Mahoudeau, waxing furious, replied:
’Of course! It sufficed for us to be with Claude, to be turned away everywhere.’
‘It was Claude who did for us!’ so Gagniere squarely asserted.
And thus they went on, relinquishing Fagerolles, whom they reproached for toadying the newspapers, for allying himself with their enemies and wheedling sexagenarian baronesses, to fall upon Claude, who now became the great culprit. Well, after all, the other was only a hussy, one of the many found in the artistic fraternity, fellows who accost the public at street corners, leave their comrades in the lurch, and victimise them so as to get the bourgeois into their studios. But Claude, that abortive great artist, that impotent fellow who couldn’t set a figure on its legs in spite of all his pride, hadn’t he utterly compromised them, hadn’t he let them in altogether? Ah! yes, success might have been won by breaking off. If they had been able to begin over again, they wouldn’t have been idiots enough to cling obstinately to impossible principles! And they accused Claude of having paralysed them, of having traded on them—yes, traded on them, but in so clumsy and dull-witted a manner that he himself had not derived any benefit by it.

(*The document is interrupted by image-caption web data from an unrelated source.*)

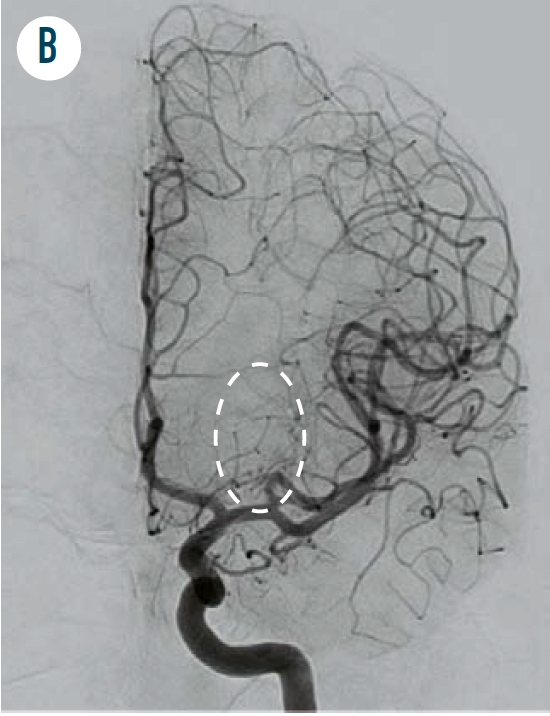 FIGURE 4B. The patient was first treated with trans-arterial embolization and then with stereotactic radiosurgery. Follow-up angiogram at 3 years demonstrates no residual AVM (in the oval area marked by the dash) and no early draining vein (white arrow area in Figure 4A.) (Figure author provided)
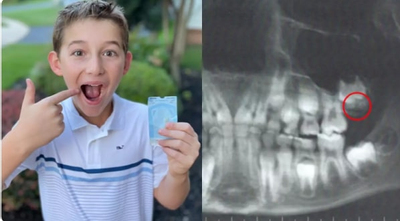 Hi hữu cậu bé 9 tuổi nhổ bỏ răng khôn mọc lệch, ghi tên vào sách kỷ lục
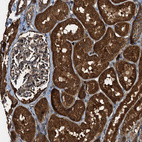 Immunohistochemical staining of human kidney shows strong cytoplasmic positivity in cells in tubules.
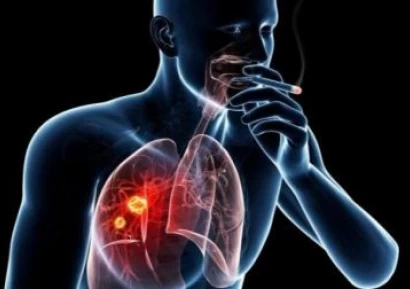 РАК НА БЕЛИЯ ДРОБ СИМПТОМИ. СТАДИИ, ЛЕКАРСТВА, ХИМИОТЕРАПИЯ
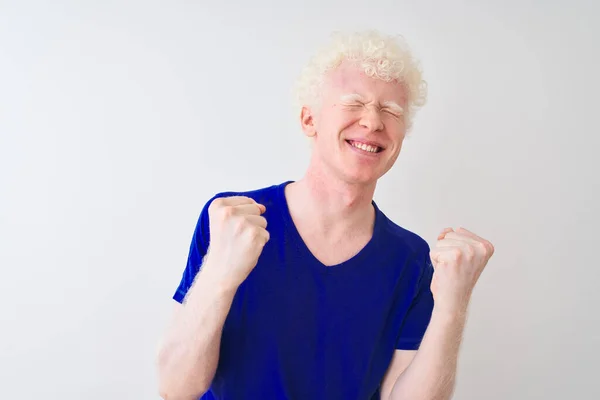 Jeune Homme Blond Albinos Portant Bleu Casual Shirt Debout Sur — Photo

‘Why, as for me,’ resumed Mahoudeau, ’didn’t he make me quite idiotic at one moment? When I think of it, I sound myself, and remain wondering why I ever joined his band. Am I at all like him? Was there ever any one thing in common between us, eh? Ah! it’s exasperating to find the truth out so late in the day!’

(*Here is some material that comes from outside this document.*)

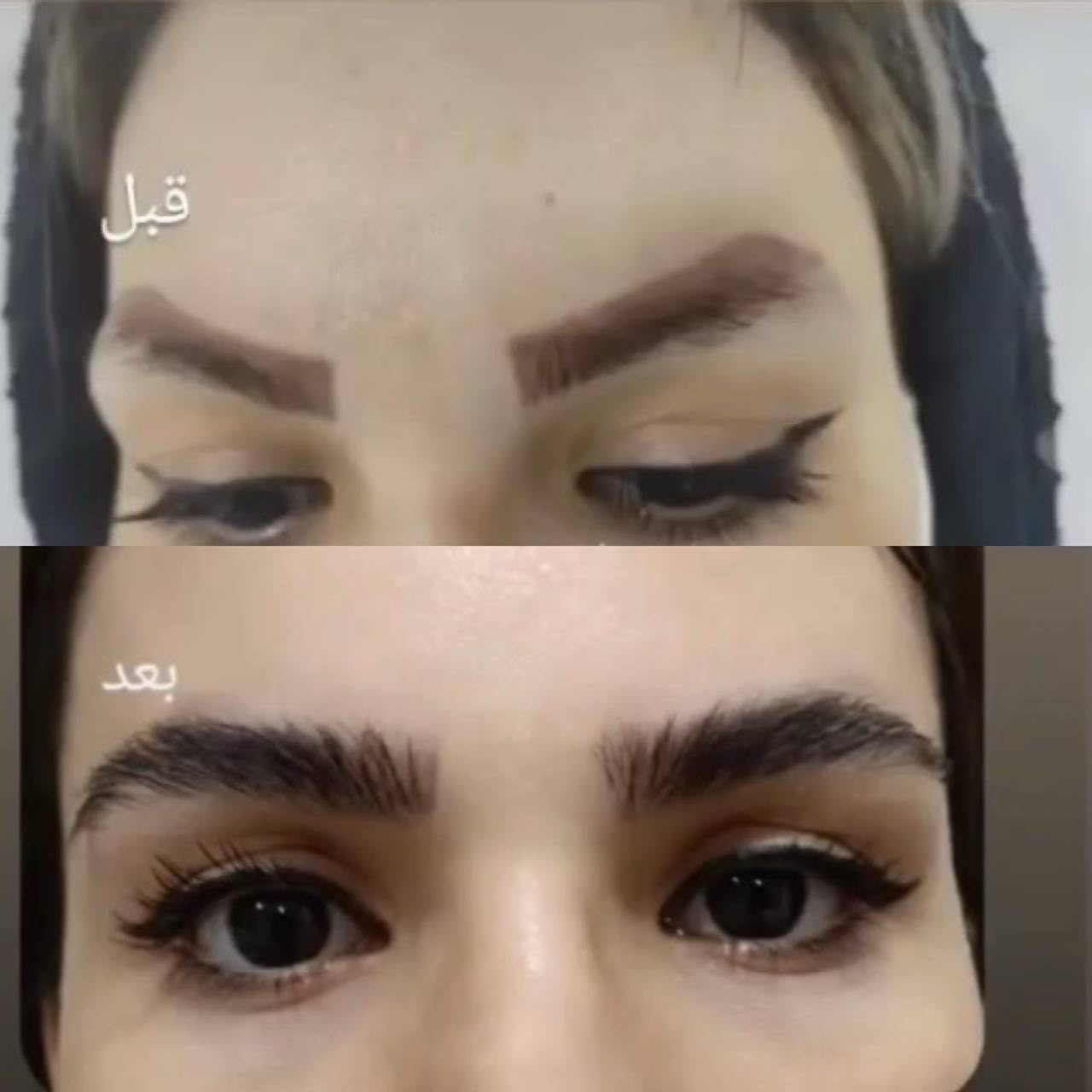 هزینه پاک کردن تاتو با لیزر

‘And as for myself,’ said Gagniere, ’he robbed me of my originality. Do you think it has amused me, each time I have exhibited a painting during the last fifteen years, to hear people saying behind me, “That’s a Claude!” Oh! I’ve had enough of it, I prefer not to paint any more. All the same, if I had seen clearly in former times, I shouldn’t have associated with him.’

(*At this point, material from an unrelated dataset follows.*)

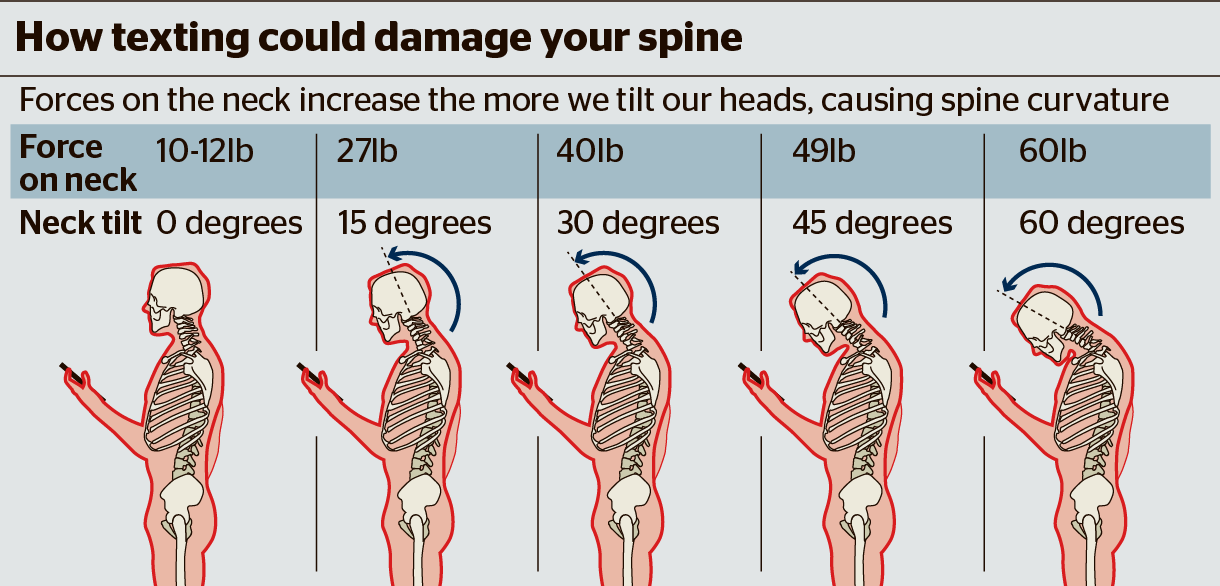 Text Neck Over Time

It was a stampede, the snapping of the last ties, in their stupefaction at suddenly finding that they were strangers and enemies, after a long youth of fraternity together. Life had disbanded them on the road, and the great dissimilarity of their characters stood revealed; all that remained in them was the bitterness left by the old enthusiastic dream, that erstwhile hope of battle and victory to be won side by side, which now increased their spite.
‘The fact is,’ sneered Jory, ’that Fagerolles did not let himself be pillaged like a simpleton.’
But Mahoudeau, feeling vexed, became angry. ‘You do wrong to laugh,’ he said, ’for you are a nice backslider yourself. Yes, you always told us that you would give us a lift up when you had a paper of your own.’
‘Ah! allow me, allow me—’
Gagniere, however, united with Mahoudeau: ‘That’s quite true!’ he said. ’You can’t say any more that what you write about us is cut out, for you are the master now. And yet, never a word! You didn’t even name us in your articles on the last Salon.’